Сначала я ничего не вижу, а потом…
Глаза Фундаментала широко открыты, они побелели, но меня он не видит. Гибкий, темный кабилл-ушти
Мне необходимо вздохнуть. Мне необходимо больше, чем просто вздохнуть. Мне нужен хороший, огромный глоток воздуха, и еще один, и еще… Но я вижу прямо перед собой ноздри кабилл-ушти, узкие и длинные. Ягоды в моей ладони — твердые и смертельные. Я могу прямо сейчас утопить водяную лошадь…
Но тут я вижу две головы и замечаю размеры раны Фундаментала. Большое храброе сердце жеребенка выталкивает в воду остатки жизни в том же ритме, в каком колотится мой пульс.
Спасти его невозможно.
Я видел, как он родился. Фундаментал, редкий жеребенок, настолько близкий к водяным лошадям, что любит океан так же, как я.
Пятна неведомых цветов мелькают вокруг меня.
Я должен оставить малыша здесь.
Глава девятнадцатая
Пак
Этим вечером мы с Финном оба ждем Гэйба. Я сварила бобы — чертовы бобы, проклятые, как и вся наша еда, — и медленно закипаю в собственной коже, представляя свой разговор с Гэйбом, когда он явится. Финн топчется у окна, пока я готовлю, а когда я его спрашиваю, что он там делает, бормочет что-то насчет шторма.

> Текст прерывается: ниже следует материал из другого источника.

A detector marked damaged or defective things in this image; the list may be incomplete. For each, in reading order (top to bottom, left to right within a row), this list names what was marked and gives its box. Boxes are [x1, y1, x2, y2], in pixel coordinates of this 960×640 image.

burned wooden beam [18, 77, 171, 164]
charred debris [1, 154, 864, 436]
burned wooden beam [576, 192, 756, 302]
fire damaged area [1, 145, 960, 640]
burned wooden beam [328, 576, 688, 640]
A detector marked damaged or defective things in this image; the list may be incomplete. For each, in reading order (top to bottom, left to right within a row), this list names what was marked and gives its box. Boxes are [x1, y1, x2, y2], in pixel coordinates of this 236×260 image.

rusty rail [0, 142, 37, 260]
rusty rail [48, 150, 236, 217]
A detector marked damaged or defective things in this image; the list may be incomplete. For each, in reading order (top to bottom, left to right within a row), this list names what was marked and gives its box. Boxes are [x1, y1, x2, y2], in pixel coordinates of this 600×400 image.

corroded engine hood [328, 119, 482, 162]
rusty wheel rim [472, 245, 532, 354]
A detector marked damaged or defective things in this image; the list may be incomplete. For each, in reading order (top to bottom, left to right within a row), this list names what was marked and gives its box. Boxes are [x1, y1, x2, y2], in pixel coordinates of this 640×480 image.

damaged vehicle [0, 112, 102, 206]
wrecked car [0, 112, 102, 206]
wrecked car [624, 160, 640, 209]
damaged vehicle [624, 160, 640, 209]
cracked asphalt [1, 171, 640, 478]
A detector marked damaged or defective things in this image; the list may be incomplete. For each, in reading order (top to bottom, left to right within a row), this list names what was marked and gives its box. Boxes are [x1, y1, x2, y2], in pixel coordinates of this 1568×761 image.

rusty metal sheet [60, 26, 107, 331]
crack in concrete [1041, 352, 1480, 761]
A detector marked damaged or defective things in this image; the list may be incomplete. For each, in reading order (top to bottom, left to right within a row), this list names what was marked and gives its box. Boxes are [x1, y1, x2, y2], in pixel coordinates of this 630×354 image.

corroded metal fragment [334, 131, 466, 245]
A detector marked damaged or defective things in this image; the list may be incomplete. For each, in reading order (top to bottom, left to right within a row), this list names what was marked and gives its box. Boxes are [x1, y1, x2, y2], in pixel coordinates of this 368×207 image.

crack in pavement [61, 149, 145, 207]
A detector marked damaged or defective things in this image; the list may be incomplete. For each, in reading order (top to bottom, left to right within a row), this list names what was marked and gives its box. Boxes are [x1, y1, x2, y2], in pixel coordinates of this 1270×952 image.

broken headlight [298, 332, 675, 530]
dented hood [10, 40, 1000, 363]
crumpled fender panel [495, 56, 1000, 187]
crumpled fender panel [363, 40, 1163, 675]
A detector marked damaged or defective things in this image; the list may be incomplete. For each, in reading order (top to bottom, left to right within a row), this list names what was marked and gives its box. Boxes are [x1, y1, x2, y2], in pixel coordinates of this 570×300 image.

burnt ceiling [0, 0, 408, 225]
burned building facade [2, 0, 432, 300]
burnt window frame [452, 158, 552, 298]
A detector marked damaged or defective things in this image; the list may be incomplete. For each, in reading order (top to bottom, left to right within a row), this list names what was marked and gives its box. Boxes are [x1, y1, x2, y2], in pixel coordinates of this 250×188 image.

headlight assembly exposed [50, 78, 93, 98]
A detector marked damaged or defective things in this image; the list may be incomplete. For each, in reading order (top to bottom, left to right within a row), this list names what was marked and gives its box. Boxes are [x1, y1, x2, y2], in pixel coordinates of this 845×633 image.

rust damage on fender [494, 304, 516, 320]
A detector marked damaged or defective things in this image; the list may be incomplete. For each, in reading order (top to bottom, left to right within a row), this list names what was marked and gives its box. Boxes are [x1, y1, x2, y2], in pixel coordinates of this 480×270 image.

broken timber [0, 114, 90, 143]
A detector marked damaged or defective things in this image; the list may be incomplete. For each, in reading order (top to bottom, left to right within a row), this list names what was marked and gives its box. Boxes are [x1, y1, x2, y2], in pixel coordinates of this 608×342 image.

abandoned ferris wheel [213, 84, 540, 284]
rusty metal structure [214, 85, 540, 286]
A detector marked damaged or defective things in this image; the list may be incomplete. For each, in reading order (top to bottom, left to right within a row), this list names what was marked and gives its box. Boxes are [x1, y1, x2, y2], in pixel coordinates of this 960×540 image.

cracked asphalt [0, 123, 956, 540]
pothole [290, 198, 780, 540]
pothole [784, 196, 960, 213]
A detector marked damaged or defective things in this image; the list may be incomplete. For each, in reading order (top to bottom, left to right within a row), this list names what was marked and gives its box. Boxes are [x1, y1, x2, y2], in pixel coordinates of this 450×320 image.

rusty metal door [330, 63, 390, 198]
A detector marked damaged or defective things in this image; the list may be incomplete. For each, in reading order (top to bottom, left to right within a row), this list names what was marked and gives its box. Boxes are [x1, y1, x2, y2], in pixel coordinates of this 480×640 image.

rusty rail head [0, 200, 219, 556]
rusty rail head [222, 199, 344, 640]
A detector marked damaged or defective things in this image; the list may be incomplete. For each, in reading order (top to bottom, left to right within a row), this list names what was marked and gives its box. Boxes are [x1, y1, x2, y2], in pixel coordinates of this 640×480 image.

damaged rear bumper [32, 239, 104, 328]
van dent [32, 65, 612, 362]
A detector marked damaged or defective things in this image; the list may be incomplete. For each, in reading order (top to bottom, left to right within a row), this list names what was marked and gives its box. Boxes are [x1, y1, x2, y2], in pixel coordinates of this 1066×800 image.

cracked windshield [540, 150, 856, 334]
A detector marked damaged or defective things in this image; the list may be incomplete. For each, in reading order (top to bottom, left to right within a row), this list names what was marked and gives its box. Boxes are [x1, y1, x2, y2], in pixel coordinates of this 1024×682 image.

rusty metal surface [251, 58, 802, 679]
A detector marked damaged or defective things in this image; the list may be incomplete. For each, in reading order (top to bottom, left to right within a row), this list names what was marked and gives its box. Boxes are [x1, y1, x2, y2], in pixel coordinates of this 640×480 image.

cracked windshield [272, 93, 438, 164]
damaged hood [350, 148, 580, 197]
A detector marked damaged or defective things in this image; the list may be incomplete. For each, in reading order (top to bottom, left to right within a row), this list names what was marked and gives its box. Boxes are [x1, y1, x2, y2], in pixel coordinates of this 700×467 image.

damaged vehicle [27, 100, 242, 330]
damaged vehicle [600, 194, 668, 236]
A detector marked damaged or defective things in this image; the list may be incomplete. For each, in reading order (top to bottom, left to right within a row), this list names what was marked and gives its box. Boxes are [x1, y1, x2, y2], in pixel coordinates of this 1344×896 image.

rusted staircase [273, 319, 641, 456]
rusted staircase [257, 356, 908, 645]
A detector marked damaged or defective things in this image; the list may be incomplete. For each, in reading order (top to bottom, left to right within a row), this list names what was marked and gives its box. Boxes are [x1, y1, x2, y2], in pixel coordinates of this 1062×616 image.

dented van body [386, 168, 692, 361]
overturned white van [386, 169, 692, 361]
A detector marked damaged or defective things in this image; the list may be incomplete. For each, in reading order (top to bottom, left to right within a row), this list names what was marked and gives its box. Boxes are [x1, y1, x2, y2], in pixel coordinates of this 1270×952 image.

Темнеющее небо за окном выглядит чистым, если не считать нескольких высоких клочковатых облачков, настолько прозрачных, что сквозь них можно смотреть, и такое оно до самого горизонта. Никаких признаков дурной погоды. Кто знает, почему Финн делает иной раз то, что делает. Я даже не пытаюсь переубедить его.
Мы ждем и ждем Гэйба, и во мне то вскипает, то чуть остывает, то снова кипит ощущение предательства. Но просто невозможно злиться так долго. Мне хочется рассказать Финну, что именно грызет меня изнутри, но я не могу упомянуть о Малверне. От этого он просто начнет еще тщательнее мыть руки, и его утренние ритуалы станут дольше обычного.
— Как ты думаешь, — небрежно спрашиваю я, вертя в руках маленькую масленку так, что нарисованная на ней сова смотрит то на меня, то на Финна, то снова на меня, — если бы мы продали «морриса»… Почему ты смеешься?
Финн осторожно постукивает по оконному стеклу.
— Да он даже не едет.
— Но ведь раньше ездил?
— Я мог бы починить его завтра, — рассеянно произносит Финн. Я теперь думаю, что окно нужно ему для того, чтобы иметь повод смотреть наружу, на тот случай, если вдали покажется Гэйб. — Не хотелось бы мне очутиться там, когда шторм разыграется.
— Ну да, конечно, дождь, — говорю я. — Если продадим… что ты думаешь об этом?
— Ну, наверное, дело в том, зачем нам его продавать.